Currently Republicans have a 69-51 majority in the State House. Of those, 51 Democrat members only 10 (19.61%) ever served in a Democrat Majority. 

Two of those members; only served one term in a Democratic Majority, the last time in 2009-2010:  

  • Kelly Alexander (D-Mecklenburg) 
  • Rosa Gill (D-Wake) 

Five members served three terms in the Democratic Majority, taking office in 2005:  

  • Grier Martin (D-Wake) 
  • Pricey Harrison (D-Guilford)  
  • Michael Wray (D-Northampton)  
  • Garland Pierce (D-Scotland)  
  • Susan Fisher (D-Buncombe)  

Three others had long stints in the Democratic Majority 

  • Becky Carney (D-Mecklenburg) elected 2002 
  • Verla Insko (D-Orange) elected 1996 
  • Marvin Lucas, (D-Cumberland) elected 2000  

Nine of the 51 Democrat member of the State House (17.65%) crossed the aisle to vote for the GOP budget.  

Three of those nine (33%) had previously served in a Democratic Majority.  (Lucas, Pierce, Wray)  

Former State Representative Leo Daughtry of Johnston County has unique experience in this area.  

Daughtry served in the State Senate and State House in the Republican minority. He became House Majority leader in 1995. After Republicans lost control of the House in the 1998 elections, he became Minority Leader. 

“I was a better legislator when I went into the minority for the second time after having served in the Majority, said Daughtry in an interview with CJ. “You learn the art of governing, the art of making deals, working through tough choices.
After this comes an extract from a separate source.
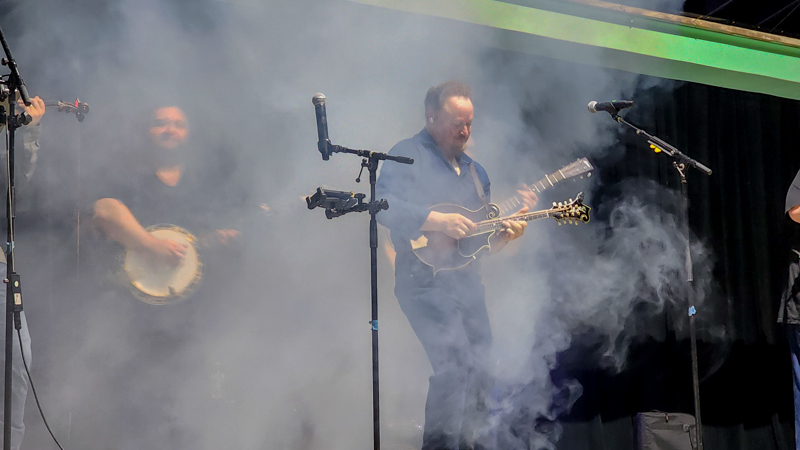 Jesse Brock with Authentic Unlimited engulfed with smoke at the 2026 Camp Springs Labor Blue Grass Festival - photo © Laura Tate Photography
It is different than just throwing hand grenades. I was also able to accomplish some important things working with Democrats, by opposing them, when necessary, but working with them when possible. 

Democrats should not worry about a losing a primary because they worked with Republicans to pass a budget, said Crone. “The result is overall higher spending plus securing funding for favored projects in their districts.” 

Further, the bottom-line choice is the same for every legislative Democrat. Blocking a GOP budget from taking place will result in well over a billion dollars less in spending while blocking state employees of raises and considerable investments in infrastructure, education, and transportation. 

Working with the GOP on the budget would also mean excepting large tax cuts, expansion of school choice and other GOP priorities most Democrats oppose.  

It’s a tough choice, and the time for choosing is upon us.  

Yet one can’t help but wonder if that choice would be easier for Democrats if more of them had experience in running government and making those tough choices, that legislators serving in the majority make on a routine basis.